*Problem description:*
Pull out of the data below the stretch of lines bounded by the one containing "More Photos Of" and the one containing "Primary Photo - 3", both bounds included, unchanged.
--- Data for this exercise ---
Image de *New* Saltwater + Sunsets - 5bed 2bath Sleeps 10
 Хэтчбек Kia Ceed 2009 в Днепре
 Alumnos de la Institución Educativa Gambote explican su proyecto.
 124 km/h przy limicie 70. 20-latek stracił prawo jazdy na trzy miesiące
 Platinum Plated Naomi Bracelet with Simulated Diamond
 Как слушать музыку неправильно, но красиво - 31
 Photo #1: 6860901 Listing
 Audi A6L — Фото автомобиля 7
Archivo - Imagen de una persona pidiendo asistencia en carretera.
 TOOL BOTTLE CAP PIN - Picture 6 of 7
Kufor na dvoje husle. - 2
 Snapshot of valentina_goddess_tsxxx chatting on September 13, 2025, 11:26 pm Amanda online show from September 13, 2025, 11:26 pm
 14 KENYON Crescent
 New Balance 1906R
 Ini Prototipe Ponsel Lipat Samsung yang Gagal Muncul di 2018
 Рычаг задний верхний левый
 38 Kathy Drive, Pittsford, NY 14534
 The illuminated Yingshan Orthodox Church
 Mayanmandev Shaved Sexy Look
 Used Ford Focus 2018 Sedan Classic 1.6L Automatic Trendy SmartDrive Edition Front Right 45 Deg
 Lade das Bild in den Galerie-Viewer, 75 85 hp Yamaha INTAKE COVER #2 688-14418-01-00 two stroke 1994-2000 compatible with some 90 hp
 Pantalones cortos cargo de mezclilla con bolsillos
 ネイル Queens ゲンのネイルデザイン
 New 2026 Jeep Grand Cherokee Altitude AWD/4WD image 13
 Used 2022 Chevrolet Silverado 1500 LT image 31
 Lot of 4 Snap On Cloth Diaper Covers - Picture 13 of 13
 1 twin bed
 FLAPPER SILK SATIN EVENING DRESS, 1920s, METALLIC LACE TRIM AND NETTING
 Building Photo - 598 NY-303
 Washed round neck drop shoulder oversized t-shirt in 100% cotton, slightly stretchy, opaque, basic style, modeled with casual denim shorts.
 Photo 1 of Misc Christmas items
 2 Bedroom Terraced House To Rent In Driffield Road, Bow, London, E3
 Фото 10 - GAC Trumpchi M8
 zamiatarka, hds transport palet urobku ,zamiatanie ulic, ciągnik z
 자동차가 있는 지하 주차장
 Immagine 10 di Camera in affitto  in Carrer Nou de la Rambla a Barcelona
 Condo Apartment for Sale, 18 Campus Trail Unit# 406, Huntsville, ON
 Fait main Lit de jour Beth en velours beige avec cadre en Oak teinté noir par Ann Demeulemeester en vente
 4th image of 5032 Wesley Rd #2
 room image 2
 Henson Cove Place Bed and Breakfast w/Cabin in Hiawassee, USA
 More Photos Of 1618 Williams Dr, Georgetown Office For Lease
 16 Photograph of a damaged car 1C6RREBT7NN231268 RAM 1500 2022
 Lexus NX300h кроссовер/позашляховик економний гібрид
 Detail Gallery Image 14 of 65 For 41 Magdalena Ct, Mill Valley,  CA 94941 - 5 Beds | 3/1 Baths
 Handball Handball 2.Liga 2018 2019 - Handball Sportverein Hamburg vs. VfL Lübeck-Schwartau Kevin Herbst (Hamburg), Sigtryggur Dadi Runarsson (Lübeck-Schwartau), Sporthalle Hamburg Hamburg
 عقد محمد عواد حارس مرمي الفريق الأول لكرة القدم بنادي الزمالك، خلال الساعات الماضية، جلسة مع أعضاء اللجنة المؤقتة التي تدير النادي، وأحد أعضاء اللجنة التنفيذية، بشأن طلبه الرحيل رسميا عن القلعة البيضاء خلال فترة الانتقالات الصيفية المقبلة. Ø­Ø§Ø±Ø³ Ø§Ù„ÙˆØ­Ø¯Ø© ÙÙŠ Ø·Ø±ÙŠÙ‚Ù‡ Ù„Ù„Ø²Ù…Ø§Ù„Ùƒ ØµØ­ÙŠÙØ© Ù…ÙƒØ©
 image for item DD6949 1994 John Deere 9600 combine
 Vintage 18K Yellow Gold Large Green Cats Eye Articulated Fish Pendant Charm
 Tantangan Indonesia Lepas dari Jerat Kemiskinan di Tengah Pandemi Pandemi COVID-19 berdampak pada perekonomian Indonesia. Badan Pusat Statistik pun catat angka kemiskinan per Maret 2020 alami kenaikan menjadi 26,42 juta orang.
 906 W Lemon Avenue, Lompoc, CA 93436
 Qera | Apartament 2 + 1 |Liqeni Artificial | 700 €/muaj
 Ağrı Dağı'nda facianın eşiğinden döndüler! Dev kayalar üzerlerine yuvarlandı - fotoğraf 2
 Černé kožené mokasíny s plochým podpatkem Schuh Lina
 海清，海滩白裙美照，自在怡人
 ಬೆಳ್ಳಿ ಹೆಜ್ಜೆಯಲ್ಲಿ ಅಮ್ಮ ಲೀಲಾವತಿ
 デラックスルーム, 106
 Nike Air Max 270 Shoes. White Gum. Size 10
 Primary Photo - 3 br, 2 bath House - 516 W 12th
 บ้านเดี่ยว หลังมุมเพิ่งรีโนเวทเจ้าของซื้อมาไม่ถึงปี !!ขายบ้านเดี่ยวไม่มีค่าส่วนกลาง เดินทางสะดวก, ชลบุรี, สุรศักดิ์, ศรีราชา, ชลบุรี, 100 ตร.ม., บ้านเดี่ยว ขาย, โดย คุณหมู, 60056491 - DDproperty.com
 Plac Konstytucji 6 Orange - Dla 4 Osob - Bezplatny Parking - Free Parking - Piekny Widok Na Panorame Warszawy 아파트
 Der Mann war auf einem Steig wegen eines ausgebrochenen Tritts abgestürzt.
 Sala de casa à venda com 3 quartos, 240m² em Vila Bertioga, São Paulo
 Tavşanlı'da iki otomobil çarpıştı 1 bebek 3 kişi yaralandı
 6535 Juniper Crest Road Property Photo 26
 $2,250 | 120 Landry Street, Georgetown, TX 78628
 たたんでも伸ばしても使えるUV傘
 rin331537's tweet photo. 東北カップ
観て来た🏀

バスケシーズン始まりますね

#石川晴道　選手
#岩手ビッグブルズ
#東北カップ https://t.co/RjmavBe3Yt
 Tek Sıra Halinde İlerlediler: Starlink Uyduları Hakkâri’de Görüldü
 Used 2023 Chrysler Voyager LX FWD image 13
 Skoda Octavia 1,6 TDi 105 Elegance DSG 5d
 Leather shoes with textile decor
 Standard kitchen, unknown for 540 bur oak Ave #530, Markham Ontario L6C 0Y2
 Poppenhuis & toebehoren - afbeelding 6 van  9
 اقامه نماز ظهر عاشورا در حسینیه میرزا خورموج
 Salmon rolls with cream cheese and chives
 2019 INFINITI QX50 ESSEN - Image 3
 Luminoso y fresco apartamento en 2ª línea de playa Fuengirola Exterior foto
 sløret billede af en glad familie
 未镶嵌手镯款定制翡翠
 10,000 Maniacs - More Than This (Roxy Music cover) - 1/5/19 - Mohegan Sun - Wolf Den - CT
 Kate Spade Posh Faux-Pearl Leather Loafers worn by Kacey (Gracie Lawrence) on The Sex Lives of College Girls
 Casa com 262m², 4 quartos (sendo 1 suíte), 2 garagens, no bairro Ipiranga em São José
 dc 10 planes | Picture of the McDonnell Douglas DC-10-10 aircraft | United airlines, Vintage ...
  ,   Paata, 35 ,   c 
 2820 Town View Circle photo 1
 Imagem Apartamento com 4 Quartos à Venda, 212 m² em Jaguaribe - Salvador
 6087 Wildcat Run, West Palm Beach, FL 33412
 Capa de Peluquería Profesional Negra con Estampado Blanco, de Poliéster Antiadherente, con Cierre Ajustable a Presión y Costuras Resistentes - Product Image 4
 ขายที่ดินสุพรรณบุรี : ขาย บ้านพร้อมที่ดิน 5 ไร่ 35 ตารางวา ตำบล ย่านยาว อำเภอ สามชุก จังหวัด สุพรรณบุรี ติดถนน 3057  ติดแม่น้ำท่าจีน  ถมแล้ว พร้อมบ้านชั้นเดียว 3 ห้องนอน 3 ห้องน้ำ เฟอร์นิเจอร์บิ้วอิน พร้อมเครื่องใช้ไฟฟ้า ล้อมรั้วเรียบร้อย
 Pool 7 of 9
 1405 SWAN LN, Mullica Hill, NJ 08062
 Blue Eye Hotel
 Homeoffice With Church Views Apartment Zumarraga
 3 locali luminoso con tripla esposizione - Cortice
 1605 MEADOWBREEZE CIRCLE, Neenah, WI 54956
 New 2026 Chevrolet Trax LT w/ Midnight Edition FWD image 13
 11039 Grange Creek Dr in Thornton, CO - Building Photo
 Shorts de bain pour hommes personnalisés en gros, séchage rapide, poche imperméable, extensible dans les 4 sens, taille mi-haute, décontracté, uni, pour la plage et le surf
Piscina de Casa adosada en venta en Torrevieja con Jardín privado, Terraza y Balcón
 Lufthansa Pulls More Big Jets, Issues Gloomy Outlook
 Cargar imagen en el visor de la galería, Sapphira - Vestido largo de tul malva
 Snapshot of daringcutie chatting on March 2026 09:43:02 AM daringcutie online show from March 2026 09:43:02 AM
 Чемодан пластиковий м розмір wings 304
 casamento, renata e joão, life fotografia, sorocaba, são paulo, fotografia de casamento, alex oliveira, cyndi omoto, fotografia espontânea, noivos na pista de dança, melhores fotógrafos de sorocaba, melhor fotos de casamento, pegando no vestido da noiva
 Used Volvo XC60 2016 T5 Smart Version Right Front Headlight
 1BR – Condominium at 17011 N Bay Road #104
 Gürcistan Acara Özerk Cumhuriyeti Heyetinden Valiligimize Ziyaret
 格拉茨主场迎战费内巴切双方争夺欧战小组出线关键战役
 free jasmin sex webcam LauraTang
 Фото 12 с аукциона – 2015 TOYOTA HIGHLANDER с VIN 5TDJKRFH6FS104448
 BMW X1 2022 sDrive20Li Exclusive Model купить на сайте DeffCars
---
*Task answer:*
 More Photos Of 1618 Williams Dr, Georgetown Office For Lease
 16 Photograph of a damaged car 1C6RREBT7NN231268 RAM 1500 2022
 Lexus NX300h кроссовер/позашляховик економний гібрид
 Detail Gallery Image 14 of 65 For 41 Magdalena Ct, Mill Valley,  CA 94941 - 5 Beds | 3/1 Baths
 Handball Handball 2.Liga 2018 2019 - Handball Sportverein Hamburg vs. VfL Lübeck-Schwartau Kevin Herbst (Hamburg), Sigtryggur Dadi Runarsson (Lübeck-Schwartau), Sporthalle Hamburg Hamburg
 عقد محمد عواد حارس مرمي الفريق الأول لكرة القدم بنادي الزمالك، خلال الساعات الماضية، جلسة مع أعضاء اللجنة المؤقتة التي تدير النادي، وأحد أعضاء اللجنة التنفيذية، بشأن طلبه الرحيل رسميا عن القلعة البيضاء خلال فترة الانتقالات الصيفية المقبلة. Ø­Ø§Ø±Ø³ Ø§Ù„ÙˆØ­Ø¯Ø© ÙÙŠ Ø·Ø±ÙŠÙ‚Ù‡ Ù„Ù„Ø²Ù…Ø§Ù„Ùƒ ØµØ­ÙŠÙØ© Ù…ÙƒØ©
 image for item DD6949 1994 John Deere 9600 combine
 Vintage 18K Yellow Gold Large Green Cats Eye Articulated Fish Pendant Charm
 Tantangan Indonesia Lepas dari Jerat Kemiskinan di Tengah Pandemi Pandemi COVID-19 berdampak pada perekonomian Indonesia. Badan Pusat Statistik pun catat angka kemiskinan per Maret 2020 alami kenaikan menjadi 26,42 juta orang.
 906 W Lemon Avenue, Lompoc, CA 93436
 Qera | Apartament 2 + 1 |Liqeni Artificial | 700 €/muaj
 Ağrı Dağı'nda facianın eşiğinden döndüler! Dev kayalar üzerlerine yuvarlandı - fotoğraf 2
 Černé kožené mokasíny s plochým podpatkem Schuh Lina
 海清，海滩白裙美照，自在怡人
 ಬೆಳ್ಳಿ ಹೆಜ್ಜೆಯಲ್ಲಿ ಅಮ್ಮ ಲೀಲಾವತಿ
 デラックスルーム, 106
 Nike Air Max 270 Shoes. White Gum. Size 10
 Primary Photo - 3 br, 2 bath House - 516 W 12th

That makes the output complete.